*** Opening of EXERCISE INPUTS ***
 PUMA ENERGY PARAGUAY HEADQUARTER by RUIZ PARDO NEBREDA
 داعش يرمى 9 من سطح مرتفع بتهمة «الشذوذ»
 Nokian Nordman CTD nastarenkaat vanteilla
*** Close of EXERCISE INPUTS ***
*** Opening of EXERCISE INPUTS ***
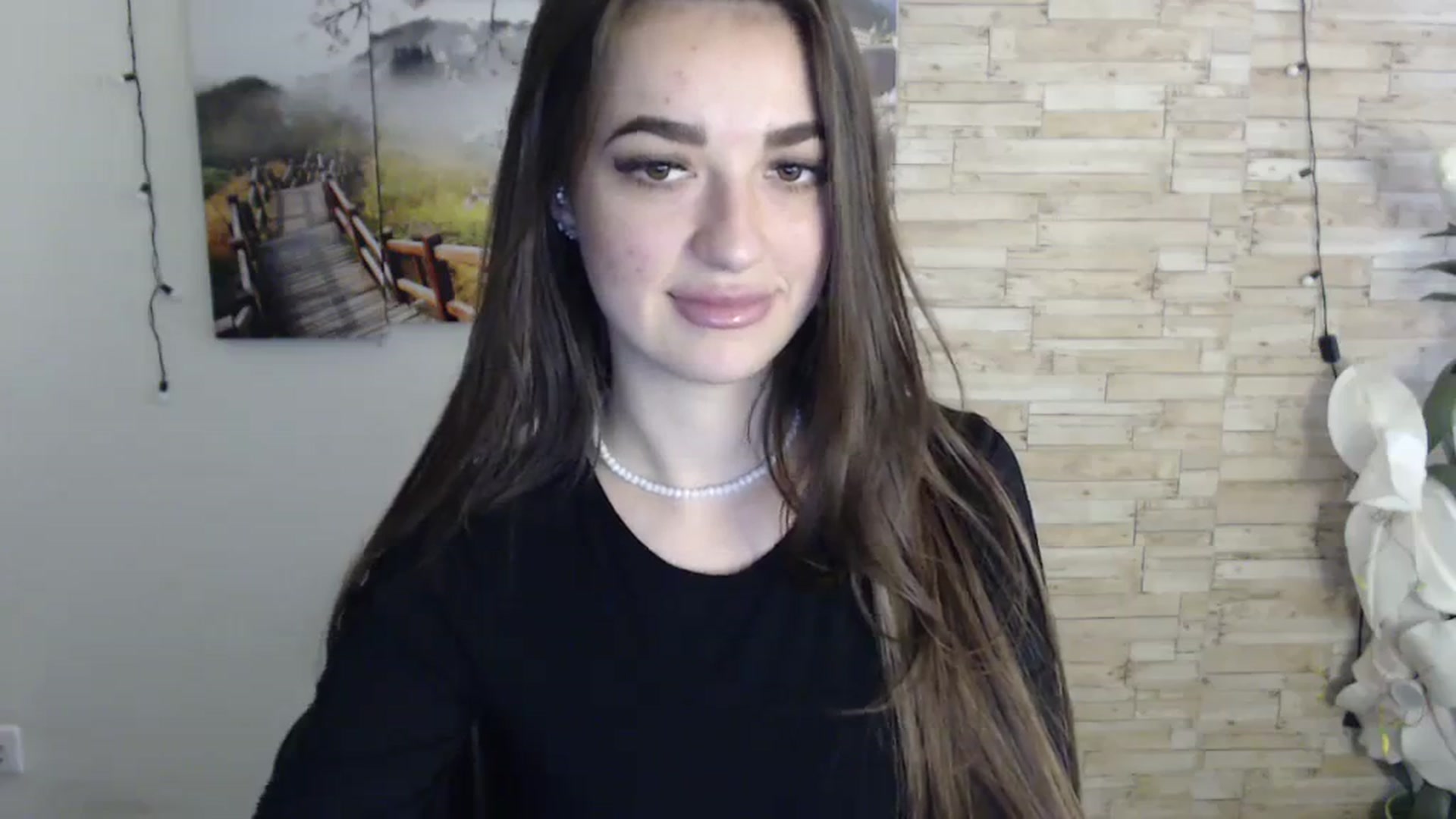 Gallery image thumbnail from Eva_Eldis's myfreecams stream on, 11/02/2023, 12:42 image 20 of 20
*** Close of EXERCISE INPUTS ***
== WHAT THE TASK ASKS ==
Given the data above, transcribe exactly the lines from the one containing "داعش يرمى 9" down to the one containing "Nokian Nordman CTD nastarenkaat vanteilla", and no others.

== OUTPUT FOR THIS TASK ==
 داعش يرمى 9 من سطح مرتفع بتهمة «الشذوذ»
 Nokian Nordman CTD nastarenkaat vanteilla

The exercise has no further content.